WORK INSTRUCTION | Beginning at the line that contains "Drag Specialties Rear" and ending at the last line of the entries, write out each line exactly; include nothing outside that span.

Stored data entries
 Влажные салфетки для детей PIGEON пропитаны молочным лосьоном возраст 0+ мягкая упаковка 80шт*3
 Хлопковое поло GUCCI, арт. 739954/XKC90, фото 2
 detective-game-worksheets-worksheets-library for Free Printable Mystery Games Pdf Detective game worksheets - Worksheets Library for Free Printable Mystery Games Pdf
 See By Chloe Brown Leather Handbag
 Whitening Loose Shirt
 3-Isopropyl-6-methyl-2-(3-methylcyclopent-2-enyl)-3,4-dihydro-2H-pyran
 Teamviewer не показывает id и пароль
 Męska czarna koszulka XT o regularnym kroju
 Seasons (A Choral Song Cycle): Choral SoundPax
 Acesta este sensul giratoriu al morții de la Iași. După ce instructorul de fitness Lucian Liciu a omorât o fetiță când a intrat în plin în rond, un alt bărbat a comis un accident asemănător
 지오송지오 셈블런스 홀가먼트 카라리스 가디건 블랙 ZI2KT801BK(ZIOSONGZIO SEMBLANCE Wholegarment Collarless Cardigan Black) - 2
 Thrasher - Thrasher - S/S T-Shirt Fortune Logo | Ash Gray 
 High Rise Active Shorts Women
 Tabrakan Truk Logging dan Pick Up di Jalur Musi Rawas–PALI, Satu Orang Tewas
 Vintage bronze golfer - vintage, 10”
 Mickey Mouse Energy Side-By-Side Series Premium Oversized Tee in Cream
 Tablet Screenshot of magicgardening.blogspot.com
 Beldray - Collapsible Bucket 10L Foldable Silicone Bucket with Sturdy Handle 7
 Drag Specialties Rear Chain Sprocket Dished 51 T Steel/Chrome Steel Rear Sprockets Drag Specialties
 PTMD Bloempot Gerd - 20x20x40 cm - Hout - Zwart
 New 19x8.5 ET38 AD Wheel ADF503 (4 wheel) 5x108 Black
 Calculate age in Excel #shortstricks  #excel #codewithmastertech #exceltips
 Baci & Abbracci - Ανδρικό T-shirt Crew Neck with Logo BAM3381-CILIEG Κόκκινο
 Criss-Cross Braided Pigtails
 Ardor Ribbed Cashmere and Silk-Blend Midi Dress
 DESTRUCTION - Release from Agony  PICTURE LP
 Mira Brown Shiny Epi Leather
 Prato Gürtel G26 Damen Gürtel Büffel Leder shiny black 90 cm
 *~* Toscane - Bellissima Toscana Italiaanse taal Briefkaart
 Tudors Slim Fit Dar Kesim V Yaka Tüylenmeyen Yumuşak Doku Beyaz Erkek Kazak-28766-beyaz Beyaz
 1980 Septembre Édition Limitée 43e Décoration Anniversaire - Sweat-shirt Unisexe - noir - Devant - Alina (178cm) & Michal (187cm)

SOLUTION |
 Drag Specialties Rear Chain Sprocket Dished 51 T Steel/Chrome Steel Rear Sprockets Drag Specialties
 PTMD Bloempot Gerd - 20x20x40 cm - Hout - Zwart
 New 19x8.5 ET38 AD Wheel ADF503 (4 wheel) 5x108 Black
 Calculate age in Excel #shortstricks  #excel #codewithmastertech #exceltips
 Baci & Abbracci - Ανδρικό T-shirt Crew Neck with Logo BAM3381-CILIEG Κόκκινο
 Criss-Cross Braided Pigtails
 Ardor Ribbed Cashmere and Silk-Blend Midi Dress
 DESTRUCTION - Release from Agony  PICTURE LP
 Mira Brown Shiny Epi Leather
 Prato Gürtel G26 Damen Gürtel Büffel Leder shiny black 90 cm
 *~* Toscane - Bellissima Toscana Italiaanse taal Briefkaart
 Tudors Slim Fit Dar Kesim V Yaka Tüylenmeyen Yumuşak Doku Beyaz Erkek Kazak-28766-beyaz Beyaz
 1980 Septembre Édition Limitée 43e Décoration Anniversaire - Sweat-shirt Unisexe - noir - Devant - Alina (178cm) & Michal (187cm)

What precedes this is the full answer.